Qwen3-8B-LaCo-Pruned

This model is a layer-pruned version of Qwen3-8B-Base using the LaCo (Layer Collapse) structured pruning method.

Model Summary

Attribute	Value
Base Model	Qwen/Qwen3-8B-Base
Pruning Method	LaCo (Layer Collapse)
Original Layers	36
Pruned Layers	26
Layers Removed	10
Compression	27.8%
Parameters	~5.8B (reduced from ~8B)

Intended Use

Research on model compression and efficiency
Fine-tuning base for domain-specific applications
Inference optimization where speed/memory matters more than factual accuracy
Edge deployment scenarios with limited computational resources

⚠️ Important Limitations

This pruned model has significantly reduced factual knowledge capabilities. It performs at near-random levels on knowledge-intensive benchmarks like MMLU.

Use Case	Status
Physical reasoning tasks	✅ Good (82.6% retained)
Reading comprehension	⚠️ Acceptable (74.3% retained)
Common sense reasoning	⚠️ Degraded (61.8% retained)
Factual question answering	❌ Not recommended
Knowledge-intensive tasks	❌ Not recommended

Recommendation: Fine-tune this model on your target domain before deployment.

Pruning Details

LaCo Hyperparameters

Parameter	Value	Description
MERGE_LAYERS (C)	3	Layers merged per operation
LOWEST_LAY (L)	4	Minimum layer index for merging
HIGHEST_LAY (H)	28	Maximum layer index for merging
INTERVAL (I)	2	Minimum gap between merge points
THRESHOLD (T)	0.85	Cosine similarity threshold
MAX_COMPRESSION	30%	Maximum allowed compression

Pruning Statistics

Metric	Value
Successful Merges	5
Rejected Merges	0
Total Iterations	6
Final Compression	27.8%

Hidden State Similarity (Calibration Set)

Metric	Value
Average	0.9680
Min	0.9492
Max	0.9766

Individual similarities: [0.9492, 0.9727, 0.9609, 0.9766, 0.9688, 0.9648, 0.9648, 0.9766, 0.9727, 0.9727]

Perplexity Results

Model	Perplexity	Ratio
Original (Qwen3-8B-Base)	26.19	1.00×
Pruned (this model)	71.48	2.73×

Benchmark Results

Comparison with Original Qwen3-8B-Base

Benchmark	Original	Pruned	Retention	Status
PIQA	79.54%	65.67%	82.6%	✅ Good
BoolQ	83.09%	61.77%	74.3%	⚠️ Acceptable
HellaSwag	78.55%	48.52%	61.8%	⚠️ Degraded
MMLU (5-shot)	76.89%	25.12%	32.7%	❌ Near random

Original scores from Qwen3 Technical Report

Key Findings

Physical reasoning preserved: PIQA retained 82.6% of original performance
Factual knowledge destroyed: MMLU collapsed to random-chance (25% for 4-way MCQ)
Perplexity underestimates damage: 2.73× PPL ratio doesn't predict the benchmark collapse
Layer-specific knowledge: Factual knowledge appears encoded in specific removed layers

Usage

Basic Inference

from transformers import AutoModelForCausalLM, AutoTokenizer

model_name = "Mercity/Qwen3-8B-LaCo-Pruned"

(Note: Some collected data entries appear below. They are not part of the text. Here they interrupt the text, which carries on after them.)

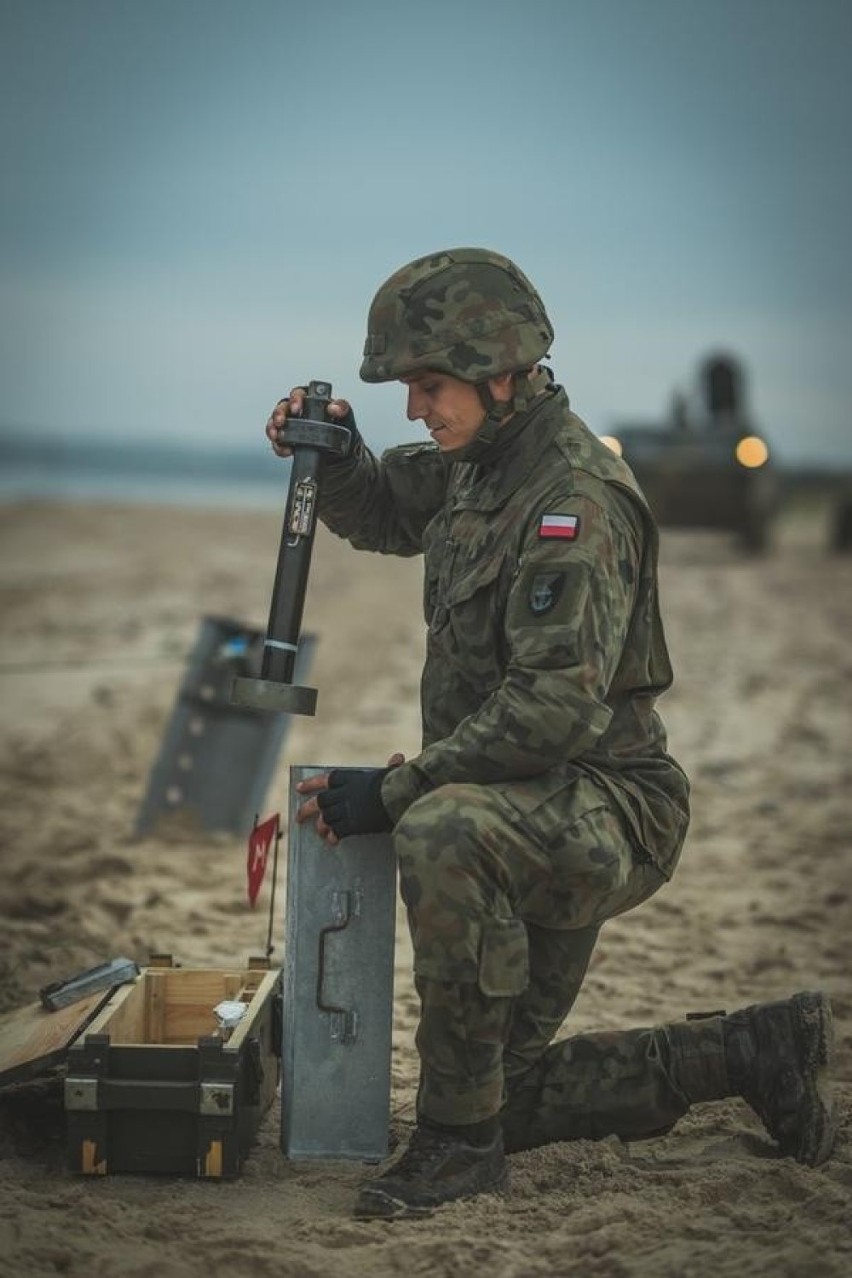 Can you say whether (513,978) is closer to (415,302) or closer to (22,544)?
(415,302)

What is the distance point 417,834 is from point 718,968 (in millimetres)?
2577

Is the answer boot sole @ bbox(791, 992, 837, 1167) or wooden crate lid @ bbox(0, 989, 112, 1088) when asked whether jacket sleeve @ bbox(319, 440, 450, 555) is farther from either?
boot sole @ bbox(791, 992, 837, 1167)

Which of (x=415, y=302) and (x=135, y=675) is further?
(x=135, y=675)

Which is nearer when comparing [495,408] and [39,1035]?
[495,408]

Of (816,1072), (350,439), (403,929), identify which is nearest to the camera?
(816,1072)

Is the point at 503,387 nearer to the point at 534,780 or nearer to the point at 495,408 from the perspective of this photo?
the point at 495,408

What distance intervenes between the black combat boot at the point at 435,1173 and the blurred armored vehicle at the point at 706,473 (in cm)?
1891

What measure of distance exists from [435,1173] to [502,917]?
21.9 inches

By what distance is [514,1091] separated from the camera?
3.99 metres

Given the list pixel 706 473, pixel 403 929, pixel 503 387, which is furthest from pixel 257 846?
pixel 706 473

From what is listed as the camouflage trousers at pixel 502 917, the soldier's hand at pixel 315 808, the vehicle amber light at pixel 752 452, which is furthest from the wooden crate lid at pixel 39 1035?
the vehicle amber light at pixel 752 452


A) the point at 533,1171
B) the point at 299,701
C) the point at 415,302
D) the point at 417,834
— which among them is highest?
the point at 415,302

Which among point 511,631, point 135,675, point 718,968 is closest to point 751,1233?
point 511,631

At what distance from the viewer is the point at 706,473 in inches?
901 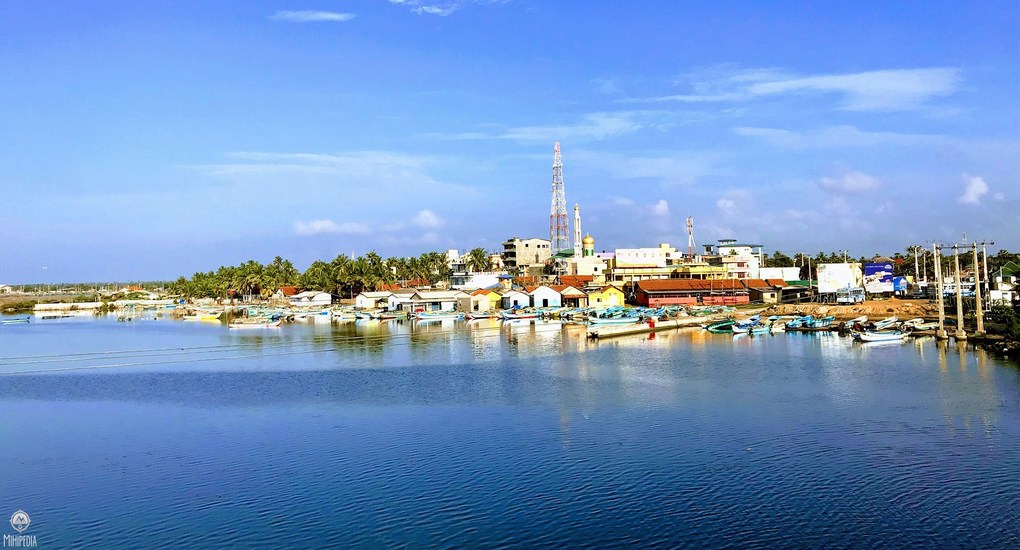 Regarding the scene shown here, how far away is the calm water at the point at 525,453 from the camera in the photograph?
14.1 metres

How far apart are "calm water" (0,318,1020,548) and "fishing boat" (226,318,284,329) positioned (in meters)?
25.6

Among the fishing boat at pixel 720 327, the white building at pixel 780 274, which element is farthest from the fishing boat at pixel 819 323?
the white building at pixel 780 274

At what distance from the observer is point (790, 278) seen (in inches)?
2876

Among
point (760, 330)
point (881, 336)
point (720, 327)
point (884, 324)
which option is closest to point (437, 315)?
point (720, 327)

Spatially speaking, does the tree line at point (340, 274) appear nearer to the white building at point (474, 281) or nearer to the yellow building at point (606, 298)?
the white building at point (474, 281)

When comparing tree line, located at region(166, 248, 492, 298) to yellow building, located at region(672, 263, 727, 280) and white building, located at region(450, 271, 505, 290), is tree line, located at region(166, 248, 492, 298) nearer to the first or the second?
white building, located at region(450, 271, 505, 290)

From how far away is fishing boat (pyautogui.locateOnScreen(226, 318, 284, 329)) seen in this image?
60406 mm

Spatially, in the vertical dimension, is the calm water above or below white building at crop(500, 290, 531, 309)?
below

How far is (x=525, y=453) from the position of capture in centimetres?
1864

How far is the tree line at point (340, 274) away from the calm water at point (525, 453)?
1976 inches

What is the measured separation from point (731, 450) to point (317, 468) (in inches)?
362

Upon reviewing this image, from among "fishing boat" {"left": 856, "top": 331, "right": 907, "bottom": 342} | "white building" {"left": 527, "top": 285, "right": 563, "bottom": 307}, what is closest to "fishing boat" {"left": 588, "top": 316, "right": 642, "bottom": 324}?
"white building" {"left": 527, "top": 285, "right": 563, "bottom": 307}

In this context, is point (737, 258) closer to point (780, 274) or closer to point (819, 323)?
point (780, 274)

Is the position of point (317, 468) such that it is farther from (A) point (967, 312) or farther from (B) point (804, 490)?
(A) point (967, 312) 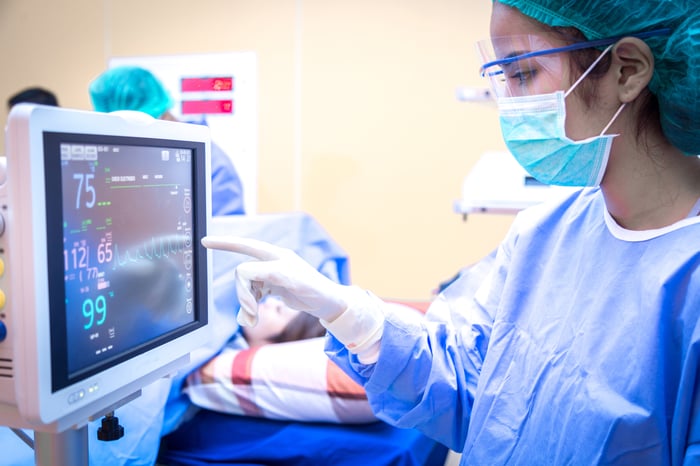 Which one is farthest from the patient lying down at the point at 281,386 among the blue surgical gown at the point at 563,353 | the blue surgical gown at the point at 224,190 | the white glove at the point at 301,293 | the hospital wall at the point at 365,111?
the hospital wall at the point at 365,111

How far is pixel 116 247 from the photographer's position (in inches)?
30.9

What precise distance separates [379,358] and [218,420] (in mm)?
800

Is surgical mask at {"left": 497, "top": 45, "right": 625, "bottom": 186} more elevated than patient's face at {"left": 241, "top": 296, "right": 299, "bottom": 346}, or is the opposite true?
surgical mask at {"left": 497, "top": 45, "right": 625, "bottom": 186}

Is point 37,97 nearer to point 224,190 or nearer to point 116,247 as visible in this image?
point 224,190

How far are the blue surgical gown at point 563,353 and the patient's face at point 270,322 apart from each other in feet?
2.39

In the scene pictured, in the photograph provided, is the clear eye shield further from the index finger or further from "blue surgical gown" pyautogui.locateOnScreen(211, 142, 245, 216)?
"blue surgical gown" pyautogui.locateOnScreen(211, 142, 245, 216)

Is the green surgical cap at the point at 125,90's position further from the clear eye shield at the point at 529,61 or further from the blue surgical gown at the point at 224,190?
the clear eye shield at the point at 529,61

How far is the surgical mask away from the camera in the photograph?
35.8 inches

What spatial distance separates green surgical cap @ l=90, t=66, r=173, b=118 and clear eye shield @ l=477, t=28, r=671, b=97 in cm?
165

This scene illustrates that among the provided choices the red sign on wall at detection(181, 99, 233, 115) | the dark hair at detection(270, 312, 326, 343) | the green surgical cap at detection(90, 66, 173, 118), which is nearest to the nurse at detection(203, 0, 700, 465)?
the dark hair at detection(270, 312, 326, 343)

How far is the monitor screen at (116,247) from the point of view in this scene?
688 mm

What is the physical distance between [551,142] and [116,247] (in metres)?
0.64

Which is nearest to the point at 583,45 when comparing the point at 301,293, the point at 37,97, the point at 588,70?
the point at 588,70

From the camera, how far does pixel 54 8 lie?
377cm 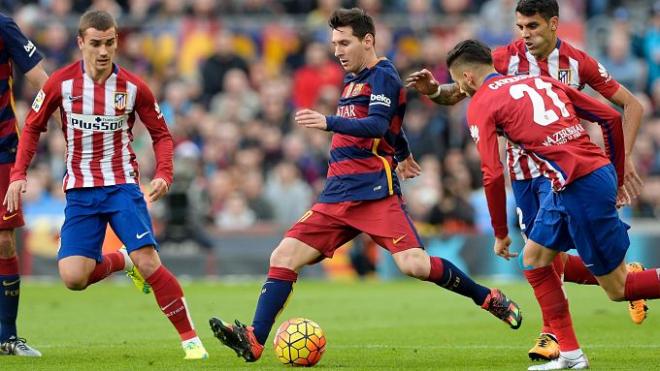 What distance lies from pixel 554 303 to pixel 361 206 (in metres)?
1.55

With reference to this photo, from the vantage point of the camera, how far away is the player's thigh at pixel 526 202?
964 centimetres

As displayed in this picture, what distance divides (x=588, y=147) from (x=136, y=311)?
7.29m

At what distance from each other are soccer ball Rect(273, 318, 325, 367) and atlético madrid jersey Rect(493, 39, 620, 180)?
199 cm

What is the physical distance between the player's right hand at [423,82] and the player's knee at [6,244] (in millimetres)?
3273

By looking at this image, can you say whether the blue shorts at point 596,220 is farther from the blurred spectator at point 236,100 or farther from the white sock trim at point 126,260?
the blurred spectator at point 236,100

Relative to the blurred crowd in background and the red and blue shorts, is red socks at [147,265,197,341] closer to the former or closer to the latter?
the red and blue shorts

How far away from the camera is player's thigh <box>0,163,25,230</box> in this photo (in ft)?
A: 32.1

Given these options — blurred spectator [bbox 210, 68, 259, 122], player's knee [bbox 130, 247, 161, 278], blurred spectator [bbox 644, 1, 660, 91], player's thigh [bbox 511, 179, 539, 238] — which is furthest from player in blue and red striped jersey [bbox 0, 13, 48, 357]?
blurred spectator [bbox 644, 1, 660, 91]

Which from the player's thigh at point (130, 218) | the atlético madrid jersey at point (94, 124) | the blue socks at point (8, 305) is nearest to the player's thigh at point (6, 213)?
the blue socks at point (8, 305)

tokenizer = AutoTokenizer.from_pretrained(model_name, trust_remote_code=True)
model = AutoModelForCausalLM.from_pretrained(
    model_name,
    torch_dtype="auto",
    device_map="auto",
    trust_remote_code=True
)

# Text generation
prompt = "The process of photosynthesis"
inputs = tokenizer(prompt, return_tensors="pt").to(model.device)
outputs = model.generate(**inputs, max_new_tokens=100, do_sample=True, temperature=0.7)
print(tokenizer.decode(outputs[0], skip_special_tokens=True))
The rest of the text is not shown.